Il ne se passe pas un jour sans que les medias nous parlent de “la crise migratoire” et plus récemment du démantèlement de la jungle de Calais. Petit à petit, le poison de la peur et de la haine est distillé et les consciences s’en imprègnent.
Au cours de la conférence d’Ustaritz, organisée par le collectif migrants d’Iparralde, intitulée De Calais à Vintimille construisons des ponts et non des murs, quelques faits et chiffres sont ressortis : Coût des 50 kilomètres de barbelés et des vigiles et autres forces de l’ordre : 150 millions d’euros. Efficacité du dispositif : nulle. Passage plus coûteux et plus dangereux. Beaucoup de blessures, de mains entaillées, développement du business des passeurs : de 2014 à 2016, le passage de Calais à Douvres est passé de 600 euros à 6.000 euros.
Les migrants souhaitant se rendre en Grande-Bretagne sont plus déterminés que jamais. Tôt ou tard, le temps de travailler au noir pour payer les passeurs, les migrants souhaitant traverser la Manche réussissent par d’autres villes, y compris de Belgique, ou décèdent.
Voilà la triste réalité.
Tous ces dispositifs n’ont aucun effet dissuasif sur des personnes fuyant la mort et la misère. Ce gaspillage d’argent public engraisse quelques multinationales et autres sociétés de vigiles et rassure le bon citoyen électeur. On se prête à rêver de la qualité de l’accueil qui aurait pu être réservé à ces migrants de Calais avec cette somme.

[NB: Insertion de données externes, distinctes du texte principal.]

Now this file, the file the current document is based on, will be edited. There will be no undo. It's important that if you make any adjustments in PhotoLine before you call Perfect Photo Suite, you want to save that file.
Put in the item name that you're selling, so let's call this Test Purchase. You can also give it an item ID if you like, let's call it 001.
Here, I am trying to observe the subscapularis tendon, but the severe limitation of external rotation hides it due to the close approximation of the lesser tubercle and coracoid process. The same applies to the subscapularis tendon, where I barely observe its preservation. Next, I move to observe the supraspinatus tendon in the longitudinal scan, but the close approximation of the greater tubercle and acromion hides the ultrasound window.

Environ 10.000 migrants, dont des femmes seules et des enfants, ont longtemps vécu sous des tentes dans un climat froid et pluvieux jusqu’en janvier 2016, date de la construction de 2.000 cabanes par des ONG. Pourtant, le camp de Calais fut un espace riche d’expériences humaines, sociales et culturelles où diverses communautés s’organisaient entre elles et mettaient en place des stratégies d’apaisement spontanées en cas de conflit.
300 à 400 bénévoles associatifs se débrouillaient pour cuisiner des repas pour 2.000 personnes et répondre aux demandes les plus urgentes.
Expérience positive
L’an dernier, le ministre de l’intérieur, Bernard Cazeneuve, a mis en place des “boîtes à dormir avec douches” destinées aux femmes et enfants, mais qui ne couvraient que 25% des besoins.

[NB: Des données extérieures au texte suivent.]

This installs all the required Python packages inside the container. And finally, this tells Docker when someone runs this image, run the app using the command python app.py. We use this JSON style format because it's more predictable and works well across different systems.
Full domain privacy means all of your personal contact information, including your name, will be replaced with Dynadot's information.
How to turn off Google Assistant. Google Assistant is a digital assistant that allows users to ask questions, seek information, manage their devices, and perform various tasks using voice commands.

Aujourd’hui, le camp est démantelé et les personnes du camp sont envoyées dans des Centres d’accueil et d’orientation (CAO). Ceux ci sont une réponse à une petite moitié des migrants de Calais. Environ 2.000 migrants réfractaires à l’enfermement s’étaient déjà évanouis dans la nature avant d’avoir à monter dans un bus .
Alors qu’initialement un CAO était prévu au Pays Basque, seul le Béarn en a ouvert deux, pour 24 personnes à Gélos et 20 à Pau. Ce ne sont pourtant pas les logements vacants qui manquent l’hiver ici. L’expérience très positive du VVF de Baigorri, l’hiver dernier, prouve que lorsqu’une mairie s’implique dans la réussite de l’accueil, assistée de bénévoles locaux, en lien avec des associations spécialisées, l’accueil est une réussite et c’est la première étape vers l’intégration (cours de français, ballades en montagne, parties de foot…).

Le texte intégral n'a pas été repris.